• **Provided data**
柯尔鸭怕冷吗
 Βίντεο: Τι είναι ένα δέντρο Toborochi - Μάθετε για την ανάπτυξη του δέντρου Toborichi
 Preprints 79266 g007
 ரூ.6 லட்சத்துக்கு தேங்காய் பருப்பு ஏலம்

• **What is expected**
From the first line to the last, please quote the material above exactly.

• **Answer area**
柯尔鸭怕冷吗
 Βίντεο: Τι είναι ένα δέντρο Toborochi - Μάθετε για την ανάπτυξη του δέντρου Toborichi
 Preprints 79266 g007
 ரூ.6 லட்சத்துக்கு தேங்காய் பருப்பு ஏலம்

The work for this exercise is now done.